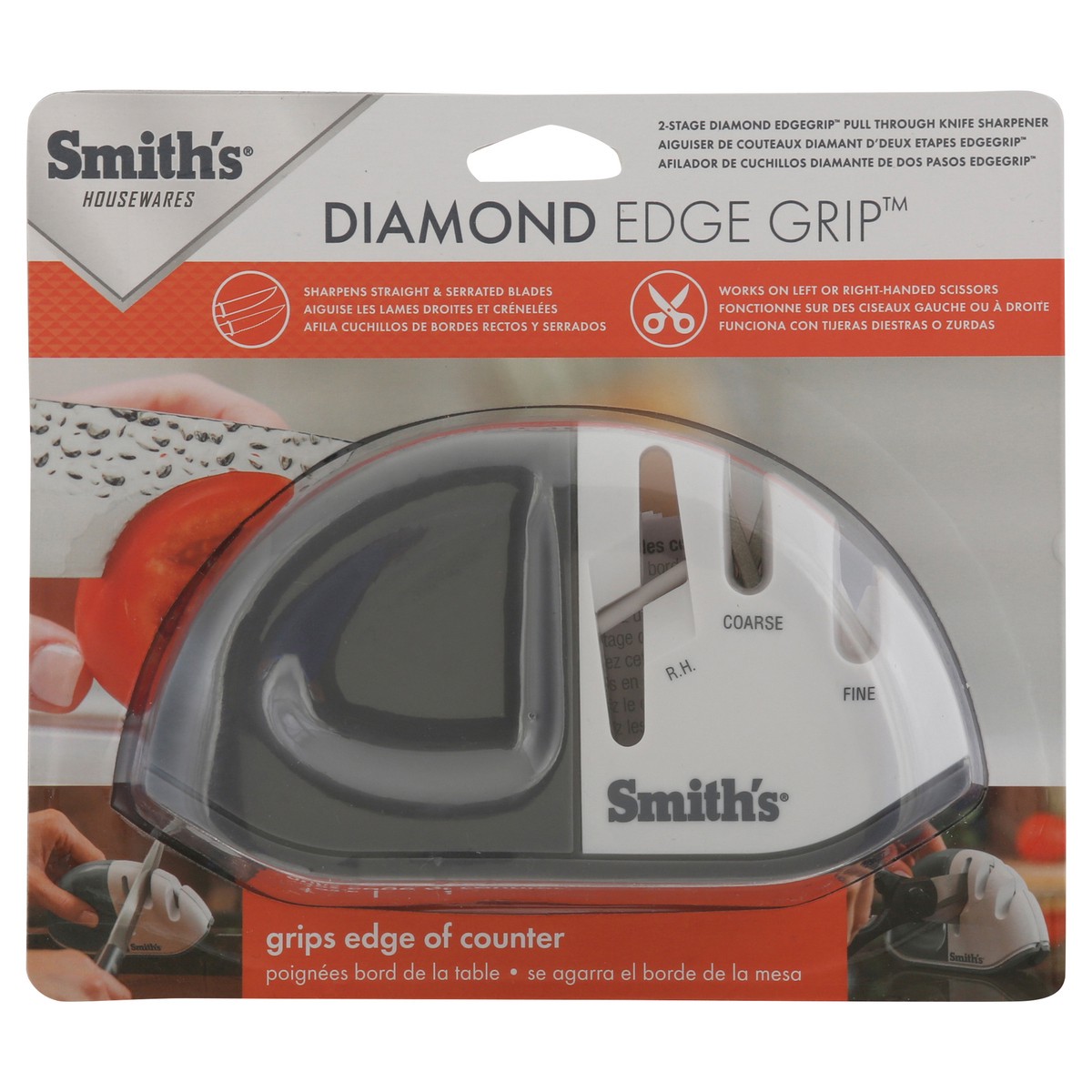 slide 1 of 9, Smith's Housewares Diamond Edge Grip Pull Through Knife 2-Stage Sharpner 1 ea, 1 ct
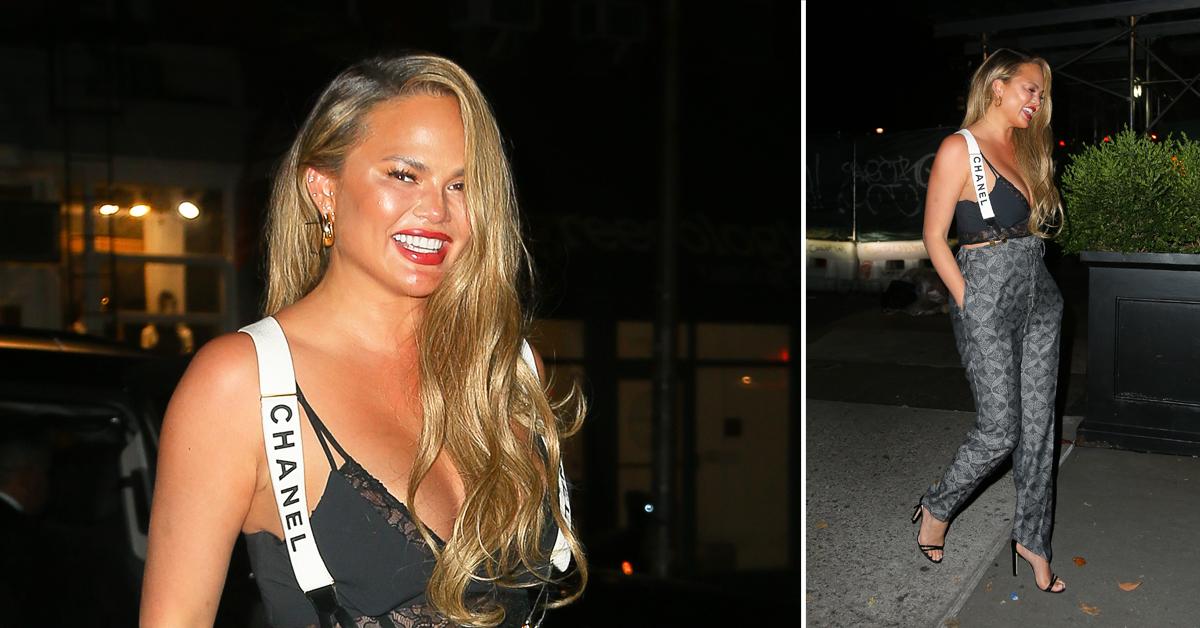 chrissy teigen returns to her apartment after her book signing at barnes and noble in nyc ok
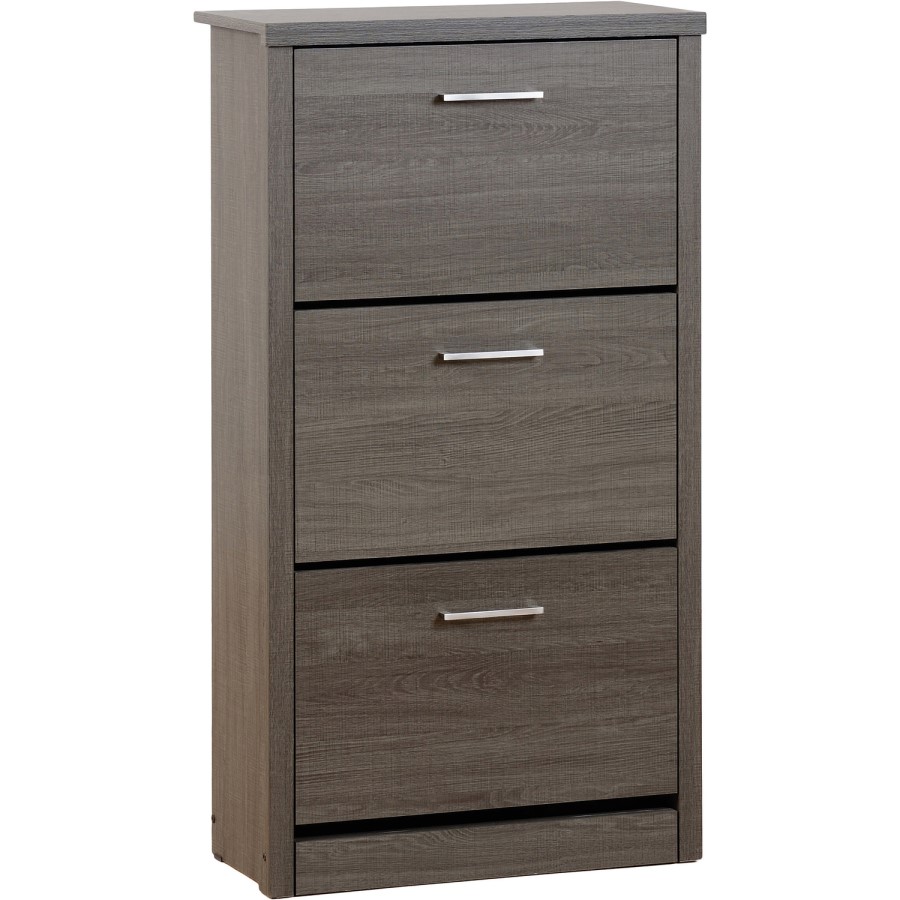 Seconique Lisbon Shoe Cabinet in Black Wood Grain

> **Exercise**
Since the pictures are not wanted, transcribe only the rest of the material above, exactly as it stands.

> **Answer to the problem**
 slide 1 of 9, Smith's Housewares Diamond Edge Grip Pull Through Knife 2-Stage Sharpner 1 ea, 1 ct
 chrissy teigen returns to her apartment after her book signing at barnes and noble in nyc ok
 Seconique Lisbon Shoe Cabinet in Black Wood Grain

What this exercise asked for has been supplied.